### [Your objective]
Everything below from the line with "Darrington Rental w/" through the line with "דופלקס, תל אביב יפו" must be retyped exactly, except the pictures.

### [Dataset content]
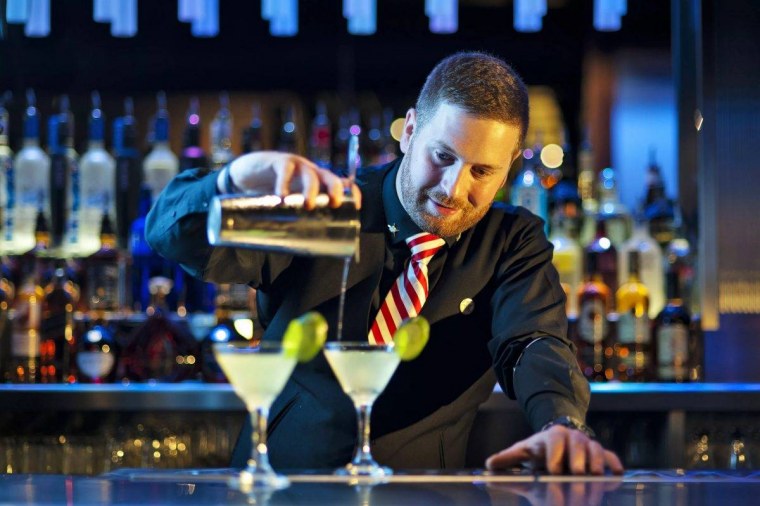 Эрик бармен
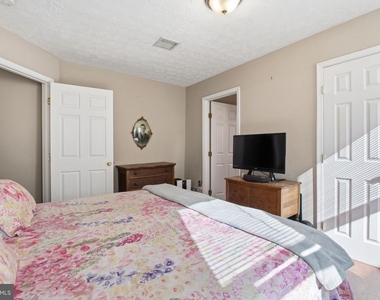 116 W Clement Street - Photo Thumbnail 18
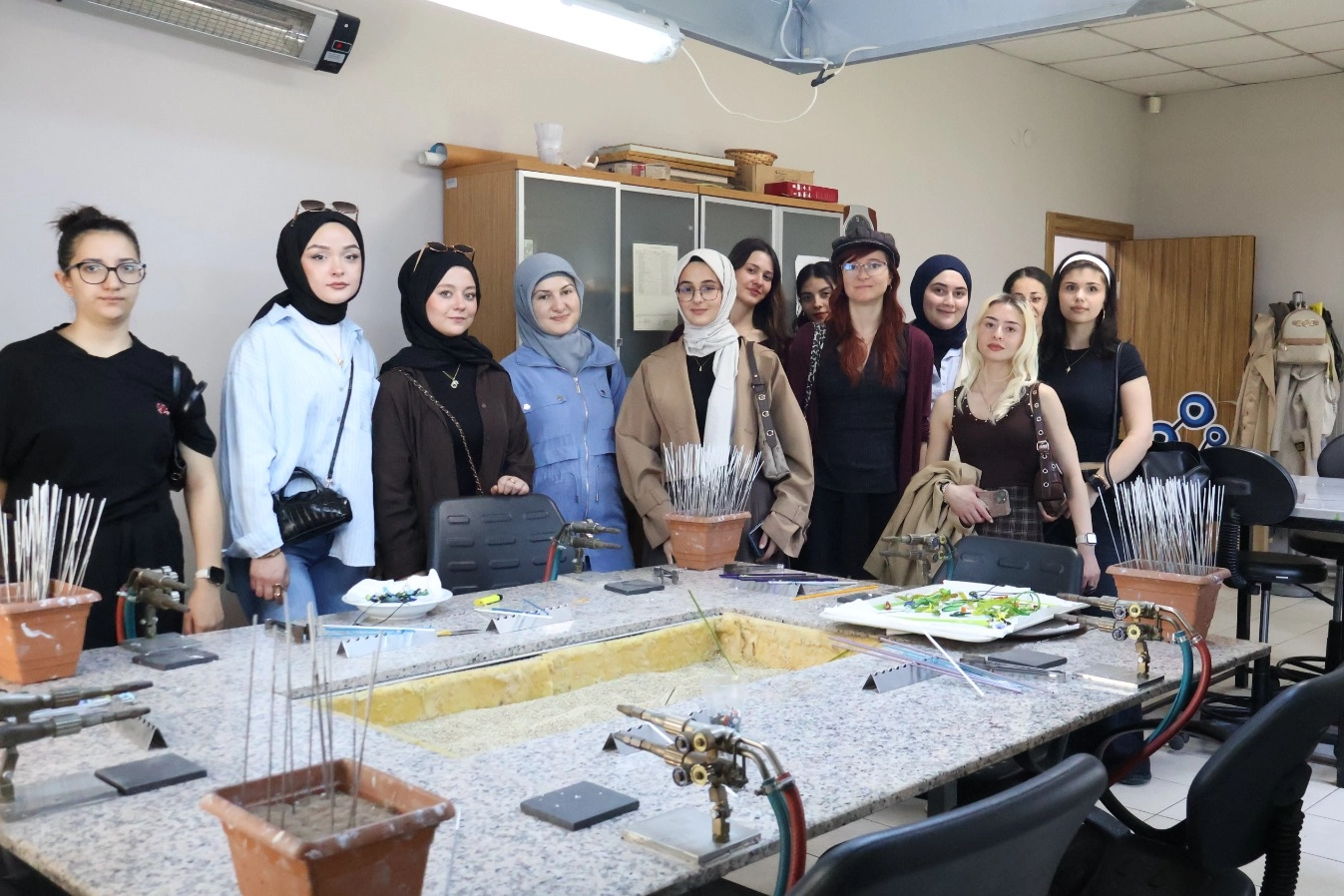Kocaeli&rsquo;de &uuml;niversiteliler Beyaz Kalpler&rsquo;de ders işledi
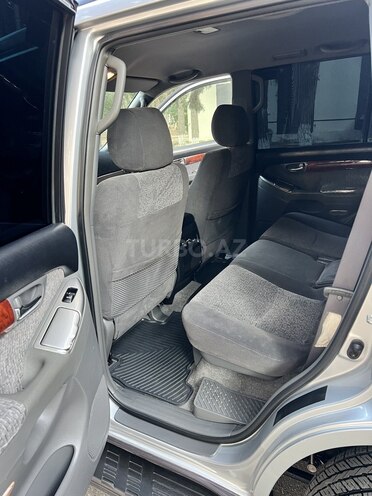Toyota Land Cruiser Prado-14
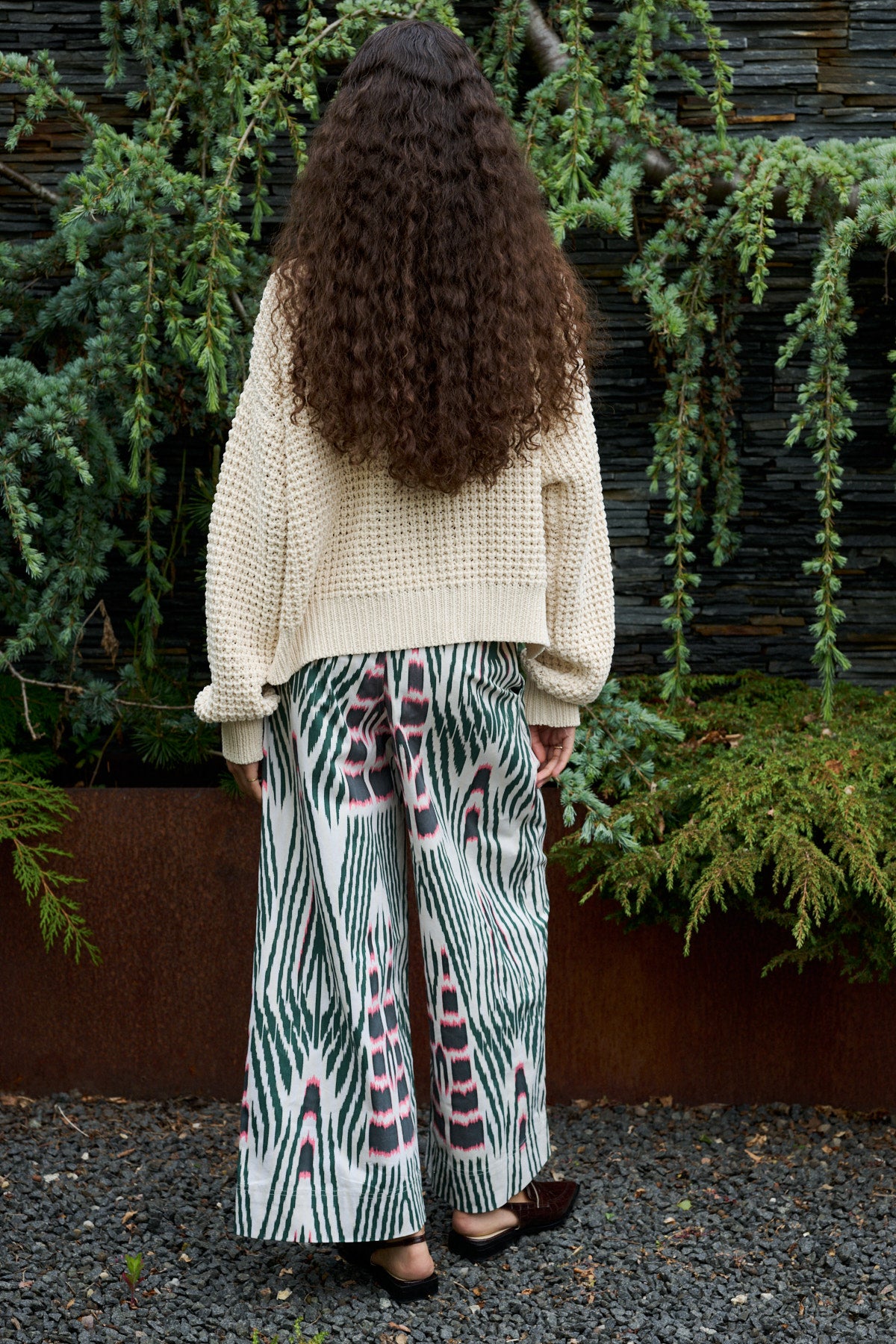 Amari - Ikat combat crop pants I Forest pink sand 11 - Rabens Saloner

---

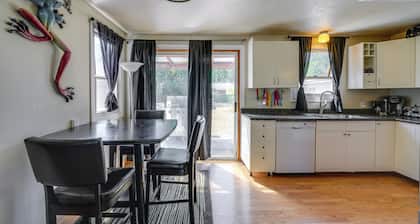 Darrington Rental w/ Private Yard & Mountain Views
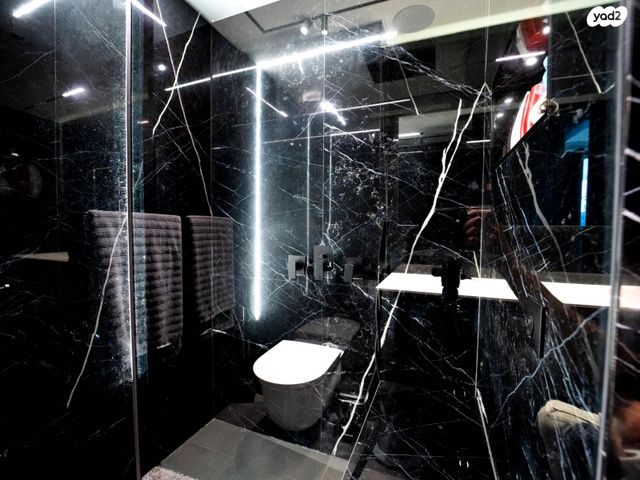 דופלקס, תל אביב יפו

...

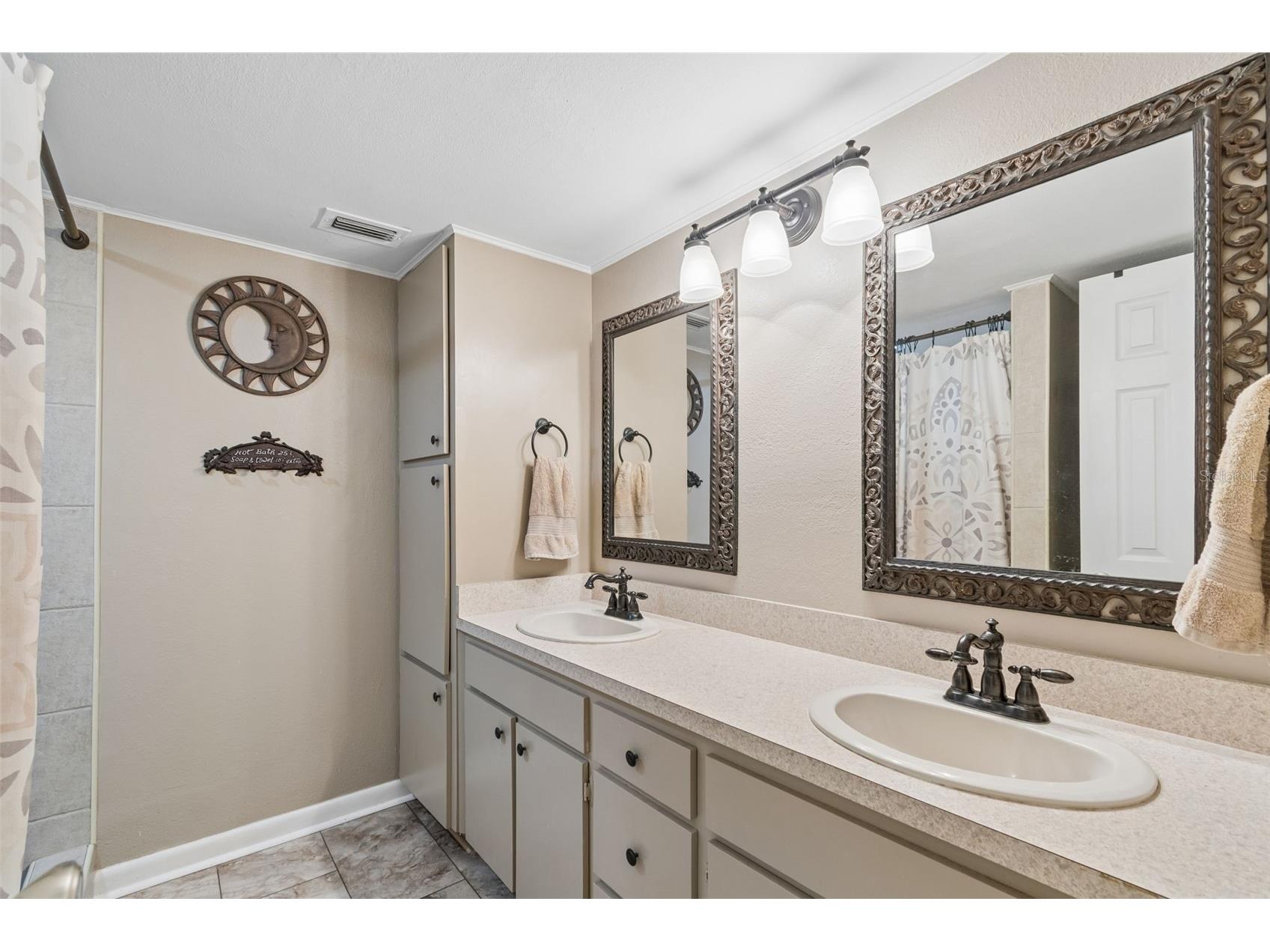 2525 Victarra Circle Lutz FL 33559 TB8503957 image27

### [Task output]
 Darrington Rental w/ Private Yard & Mountain Views
 דופלקס, תל אביב יפו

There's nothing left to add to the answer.